Saying “I’ve got a trade secret” Isn’t Enough

Who decides whether you have a trade secret?

To begin with, you are the first decision-maker. But, simply saying or believing that an asset is a trade secret is a hollow decision if it is not backed up by actions. In particular, you need to properly identify and protect your trade secret. Importantly, the time to do that is now – before there is a potential or actual opportunity or dispute.

In a transactional setting, another decision-maker might be a potential business partner who is conducting due diligence on your intellectual property portfolio. The potential partner will — or should — be investigating whether, in its opinion, the asset meets the legal requirements for a trade secret, including that you employed sufficient measures to protect the asset.

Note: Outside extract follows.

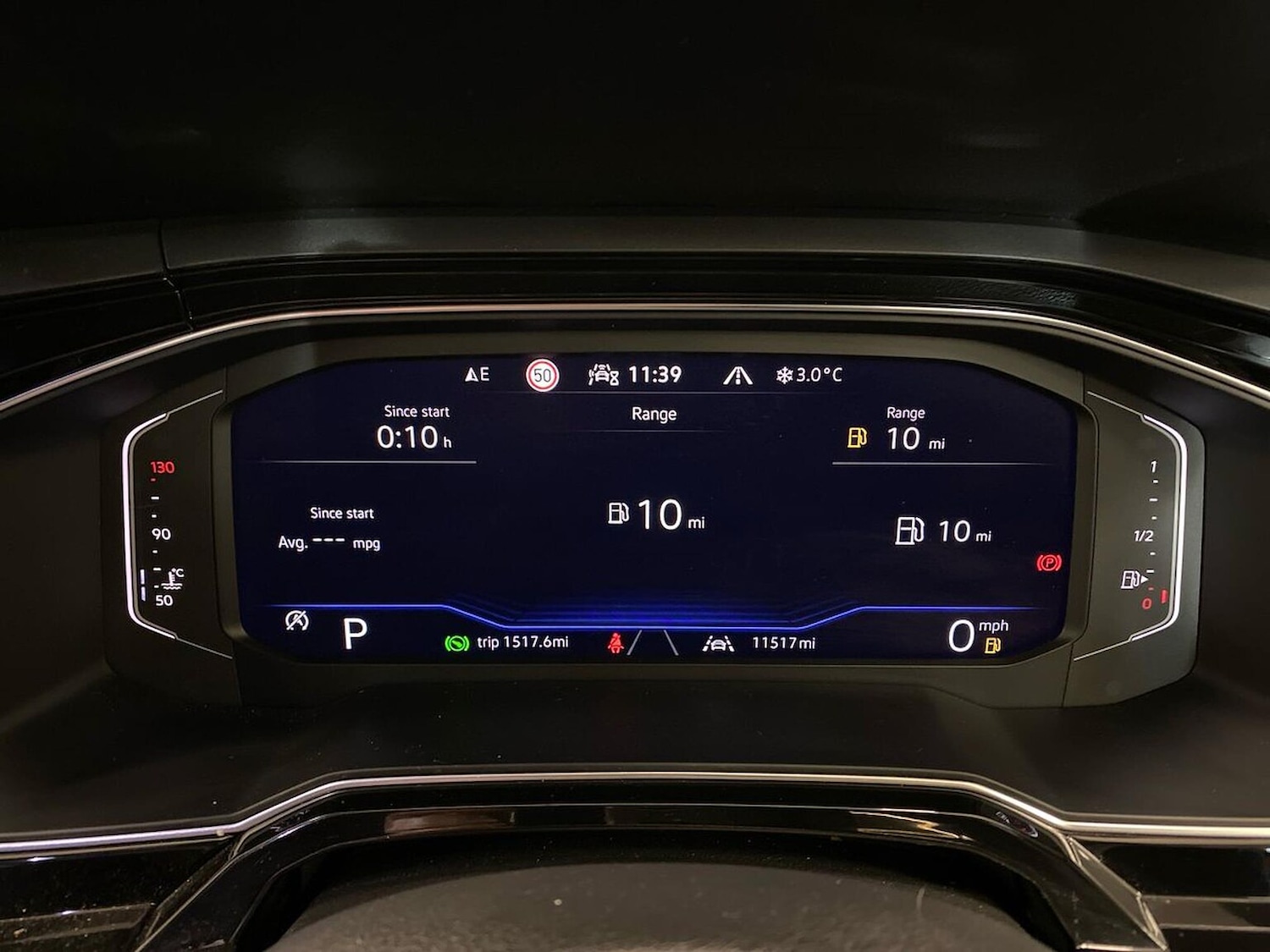 Used Volkswagen Taigo 2024 for sale - 76837159: Photo 10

In litigation, another decision-maker and, as some might say, the ultimate decision-maker is the court, meaning the judge, jury or both. Based on the evidence presented, the court will decide whether your asset meets the legal requirements for and, as such, is a trade secret.

So, how might this transactional and litigation decision-making play out? It can play out in any number of different ways. Because of that uncertainty, the main focus for an asset owner should be: be ready for that decision-making.

A pending criminal case – actually, a murder case – illustrates that point. In fact, the case illustrates that you should be ready for that decision-making even if your assets are not front and center in the opportunity or dispute.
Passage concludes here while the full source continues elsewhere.